Clinical Knowledge: 265 questions assessing clinical knowledge and decision-making skills.
Medical Genetics: 100 questions covering topics related to medical genetics.
Anatomy: 135 questions assessing knowledge of human anatomy.
Professional Medicine: 272 questions that assess the knowledge required of medical professionals.
College Biology: 144 questions covering college-level biology concepts.
College Medicine: 173 questions assessing college-level medical knowledge.
Each MMLU subset contains multiple-choice questions with 4 answer options designed to assess model understanding of specific medical and biological domains.

Insights and Analysis

The Open Source Medical Large Model Ranking evaluates the performance of various large language models (LLMs) on a range of medical question answering tasks. Here are some of our key findings:

Commercial models such as GPT-4-base and Med-PaLM-2 consistently achieve high accuracy scores on various medical datasets, demonstrating strong performance in different medical fields.
Open source models, such as Starling-LM-7B, gemma-7b, Mistral-7B-v0.1 and Hermes-2-Pro-Mistral-7B, although the number of parameters is only about 7 billion, perform well on some data sets and tasks. delivered competitive performance.
Commercial and open source models perform well on tasks such as understanding and reasoning about scientific biomedical literature (PubMedQA) and applying clinical knowledge and decision-making skills (MMLU clinical knowledge subset).

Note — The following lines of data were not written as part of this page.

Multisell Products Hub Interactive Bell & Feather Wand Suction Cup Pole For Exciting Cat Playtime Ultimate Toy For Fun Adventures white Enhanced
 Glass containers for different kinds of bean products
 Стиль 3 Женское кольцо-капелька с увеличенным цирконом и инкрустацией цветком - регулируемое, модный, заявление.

Google’s model, Gemini Pro, has demonstrated strong performance across multiple medical domains, particularly in data-intensive and procedural tasks such as biostatistics, cell biology, and obstetrics and gynecology. However, it showed moderate to low performance in key areas such as anatomy, cardiology, and dermatology, revealing gaps that require further improvements for application in more comprehensive medicine.

About Open Life Sciences AI

Open Life Sciences AI is a project that aims to revolutionize the use of artificial intelligence in life sciences and healthcare. It serves as a central hub that lists medical models, datasets, benchmarks, and tracks conference deadlines, fostering collaboration, innovation, and advancement in AI-assisted healthcare. We strive to establish Open Life Sciences AI as the premier destination for anyone interested in the intersection of AI and healthcare. We provide a platform for researchers, clinicians, policymakers and industry experts to engage in dialogue, share insights and explore the latest developments in the field.